In this, we transform the problem into a multi-class problem with one multi-class classifier is trained on all unique label combinations found in the training data.

In [10]:
# using Label Powerset
from skmultilearn.problem_transform import LabelPowerset
from sklearn.naive_bayes import GaussianNB

# initialize Label Powerset multi-label classifier
# with a gaussian naive bayes base classifier
classifier = LabelPowerset(GaussianNB())

# train
classifier.fit(X_train, y_train)

# predict
predictions = classifier.predict(X_test)

accuracy_score(y_test,predictions)

0.81818181818181823

This gives us the highest accuracy among all the three we have discussed till now. The only disadvantage of this is that as the training data increases, number of classes become more. Thus, increasing the model complexity, and would result in a lower accuracy.

Now, let us look at the second method to solve multi-label classification problem.



## Adapted Algorithm

Adapted algorithm, as the name suggests, adapting the algorithm to directly perform multi-label classification, rather than transforming the problem into different subsets of problems.
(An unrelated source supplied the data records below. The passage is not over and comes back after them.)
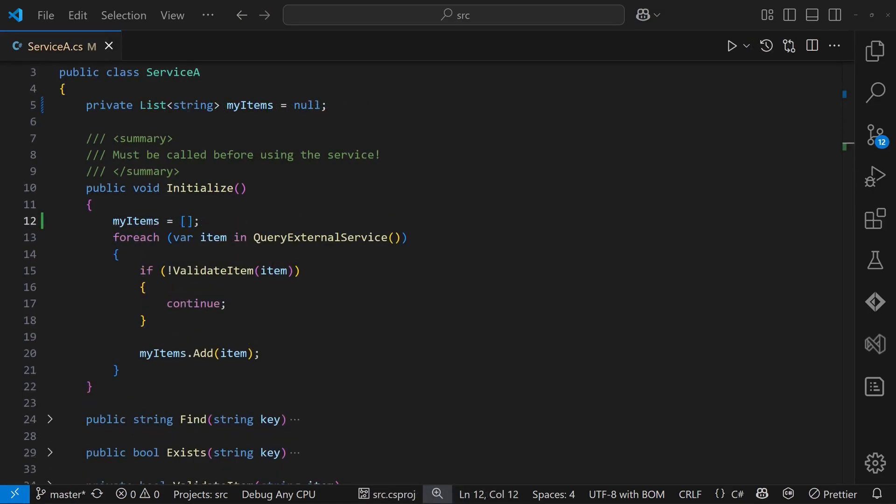Using null would be better here. It clearly signals the not initialized state and results in a null reference exception if we forget to initialize the service.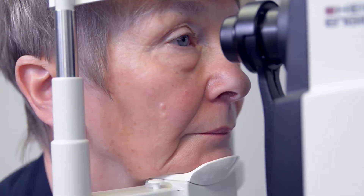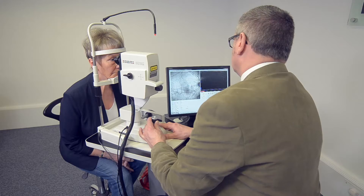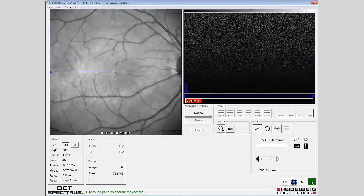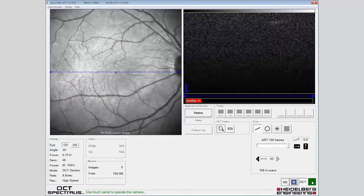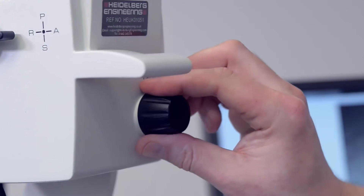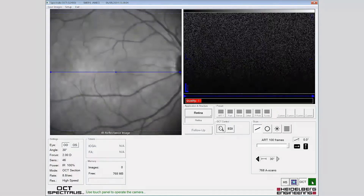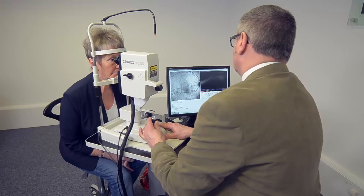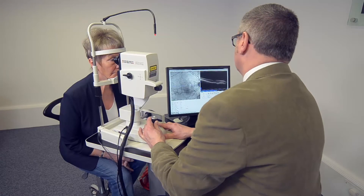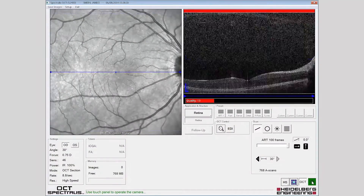The patient should be encouraged to blink during the examination. The fundus image should be checked for sharp focus and adjusted accordingly. The instrument should then be moved forward to visualise the OCT image and positioned in the sweet spot indicated by the blue brackets.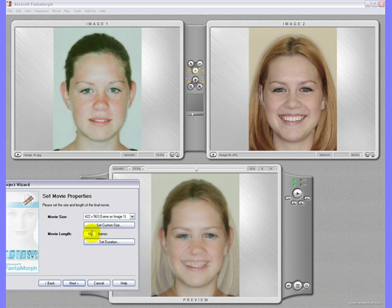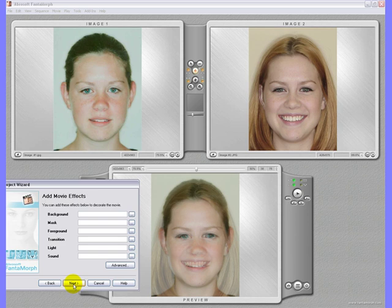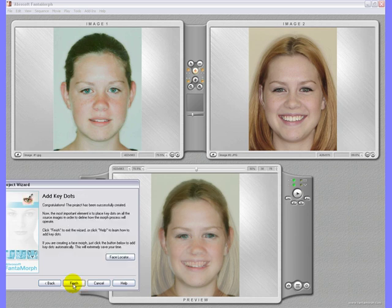Change the movie length to 75 frames. Skip the effects. Now click on face locator.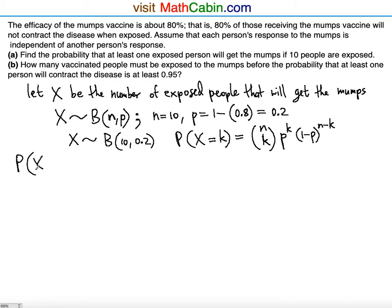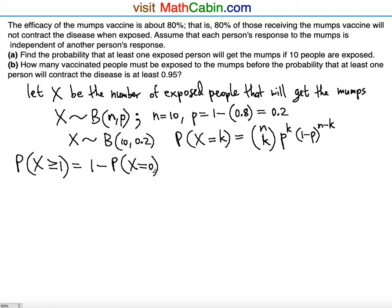We're looking for the probability of X being greater than or equal to 1. Now, if you're looking for values 1 and greater, you'd have to add 10 separate cases — one person, then two, plus three, plus four, plus five, six, seven, eight, nine, all the way to 10. That's too much work. So instead, we subtract from 1 the probability of having only 0 people get the mumps — that is, 1 minus P(X = 0).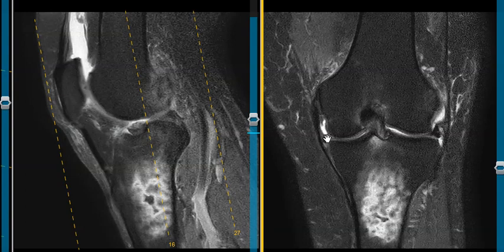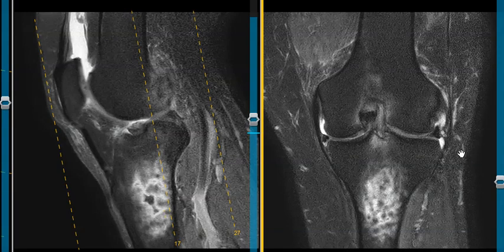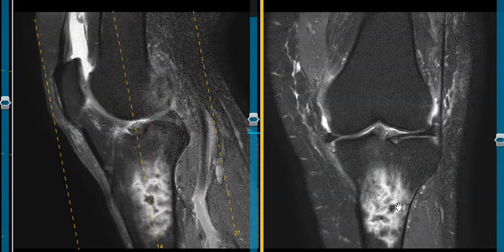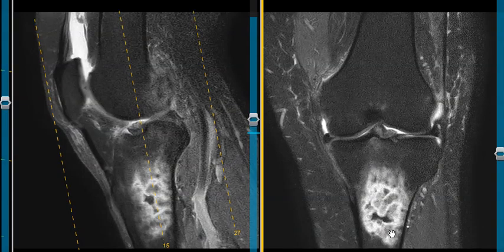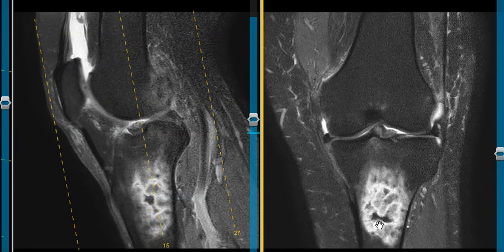We see a medial meniscus — the meniscus is torn actually here. Here's the lateral side, and we see this big bone lesion in the tibia. This is the metaphysis, and down here is the diaphysis, so it's kind of a metadiaphyseal lesion.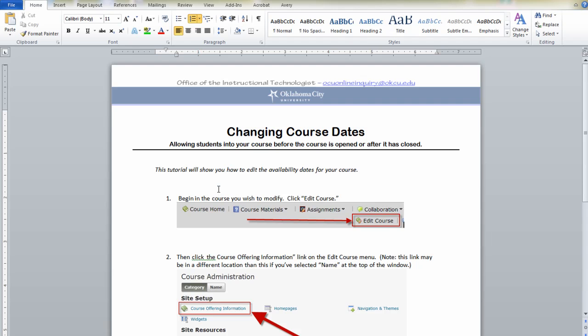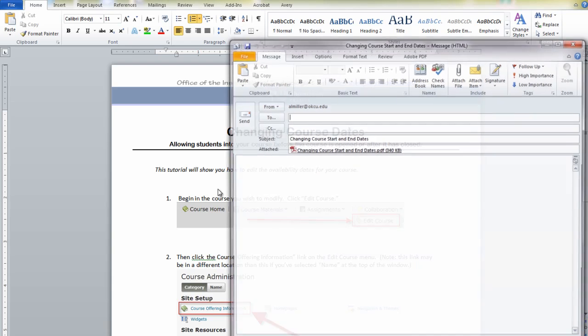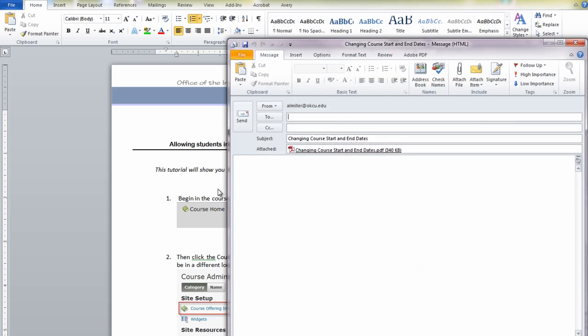It might take a couple of moments for the PDF to load if you choose this option, but eventually an email window will pop up with the document attached. You can type the address you want to send it to in the To box and send your email.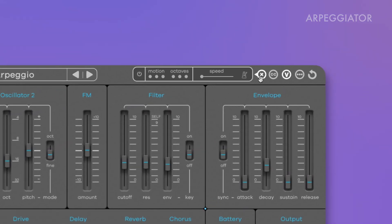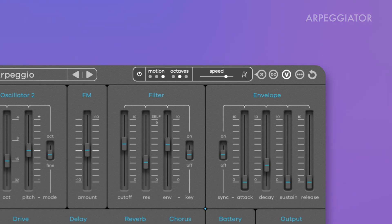We added a simple and easy to use arpeggiator. Click the A icon in the top panel to open it. Activate the arpeggiator, select from three types of motion, set the range from one up to three octaves, and adjust the speed. Click the metronome to deactivate host tempo sync and set the ARP freely without time divisions.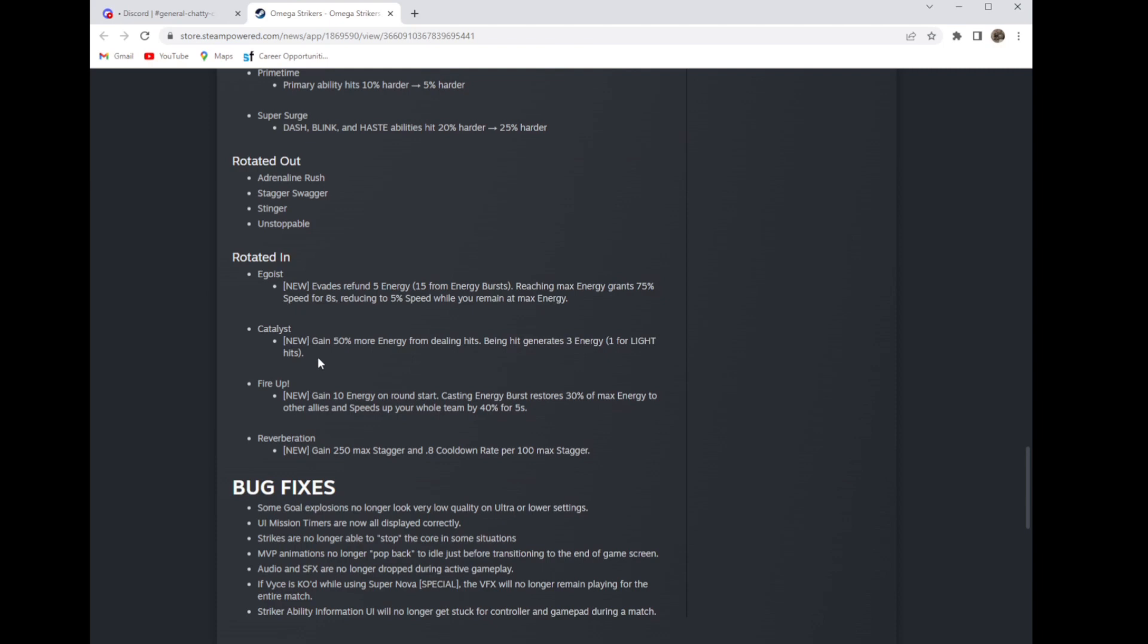Fire up: new, gain 10 energy on round start. Casting energy burst restores 30 percent of max energy to other allies and speeds up your whole team by 40 percent for 5 seconds.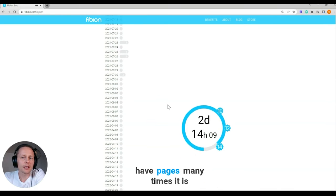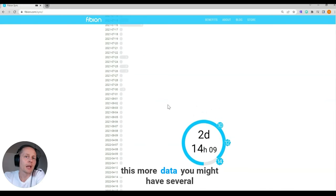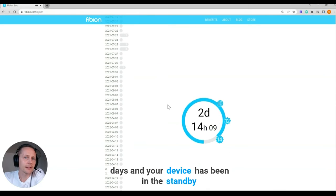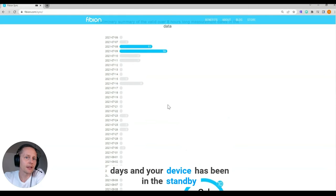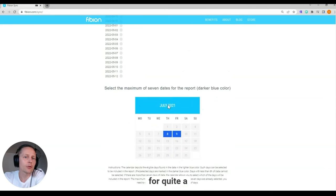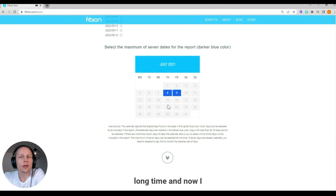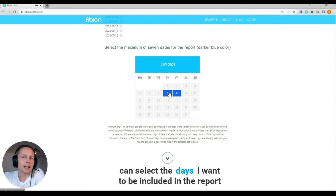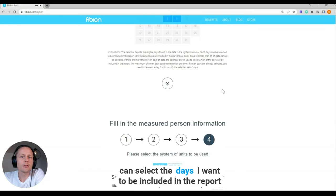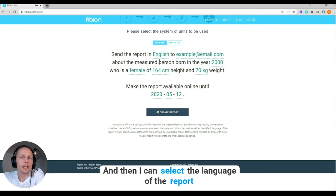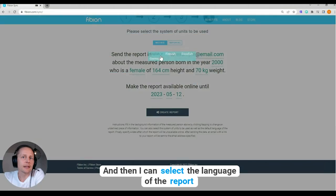Many times there is more data and you might have several days. Here the device has been in standby mode for quite a long time. Now I can select the days I want to be included in the report.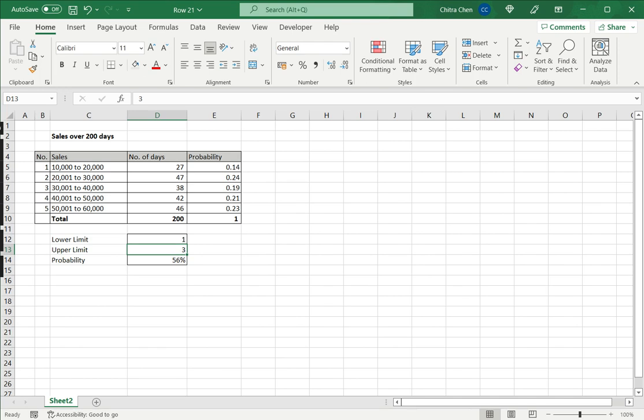So this is how to compute probabilities in Excel. Please read the appended article for more information.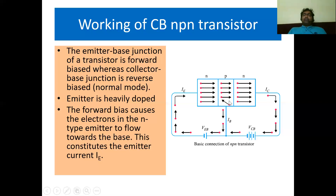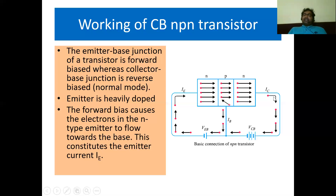The electrons which enter the base may recombine with holes, but the recombination percentage is less than 5% because the base is very thin and lightly doped. As holes recombine with electrons, fresh holes are supplied to the base region from the battery's positive terminal — this constitutes the base current IB. The remaining 95% of electrons are transferred to the collector, which is connected to the battery positive terminal, attracting the electrons. As electrons move through the collector, they constitute the collector current IC. We can write: emitter current IE equals base current IB plus collector current IC.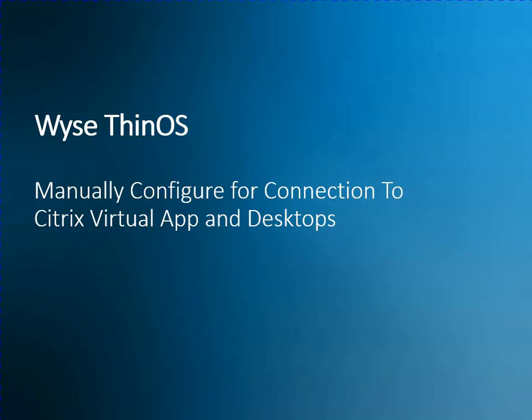Hello, this is a short training video designed to show you how to configure a Dell Thin Client running Wyse Thin OS and how we would manually configure that device to connect to an environment running Citrix virtual apps and desktops.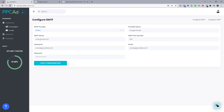Hi, Scott here from PPC AdLab. I hope you're well. In this short video, I'm going to show you how to add your Google SMTP settings to PPC AdLab.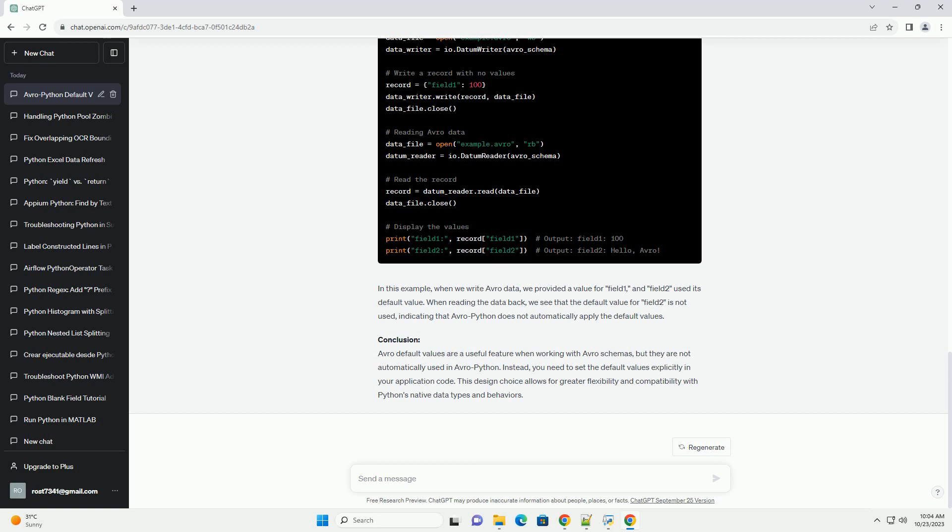Conclusion: Avro default values are a useful feature when working with Avro schemas, but they are not automatically used in Avro Python. Instead, you need to set the default values explicitly in your application code. This design choice allows for greater flexibility and compatibility with Python's native data types and behaviors. ChatGPT.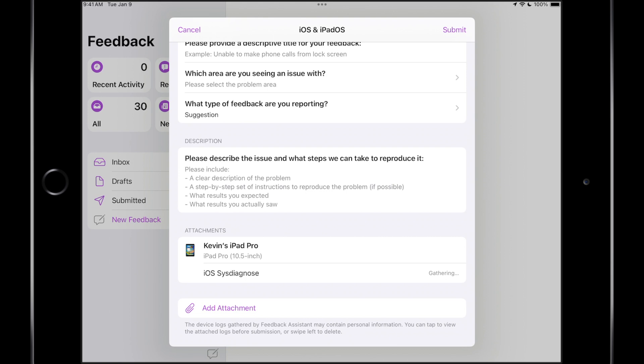And where you see attachments, there's iOS Sys Diagnose. So that is gathering all of the logs that your iOS device has captured in order to help Apple debug an issue you are seeing.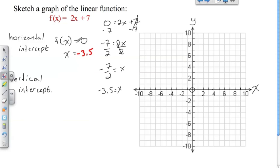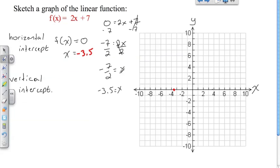So at the horizontal intercept, y is equal to zero and x is equal to negative 3.5. We can find that point — between negative 3 and negative 4, right in the middle at negative 3.5. There's one point on the graph. Now to draw a line we need a minimum of two points, so we have the horizontal intercept and now we're going to look for the vertical intercept.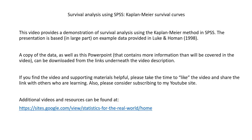Hello. This video provides a demonstration of survival analysis using the Kaplan-Meier method in SPSS. The presentation is based in large part on example data provided by Luke and Home in 1998.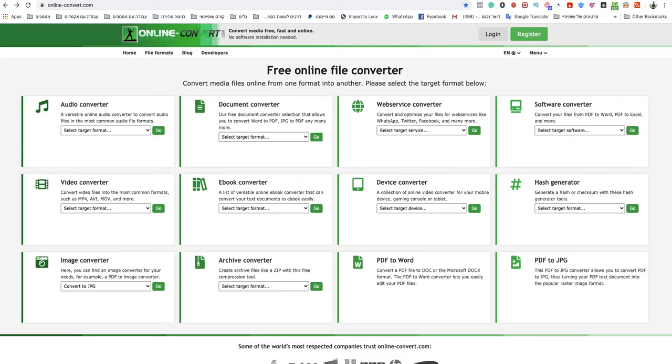Welcome to this video. In today's video, I'm going to show you how to convert MOV to GIF, to GIF file.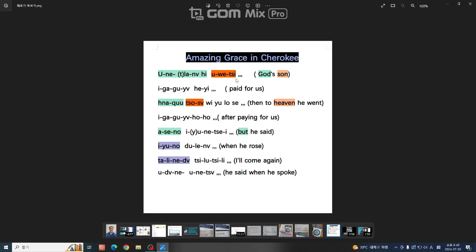일본의 도쿄 동경에 보면은 우에노 공원이지 않습니까. 우에노 공원 산입니다. 위상자 씁니다. 상노 공원을 Uetchi 라고 합니다. 우에 상 위상자 그래서 코리아 우에 제펜 우에 체로키 우에 이렇게 발음합니다.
For example, multi-label version of kNN is represented by MLkNN. So, let us quickly implement this on our randomly generated data set.



In [11]:
from skmultilearn.adapt import MLkNN

classifier = MLkNN(k=20)

# train
classifier.fit(X_train, y_train)

# predict
predictions = classifier.predict(X_test)

accuracy_score(y_test,predictions)

0.81818181818181823

Sci-kit learn provides inbuilt support of multi-label classification in some of the algorithm like Random Forest and Ridge regression. So, you can directly call them and predict the output.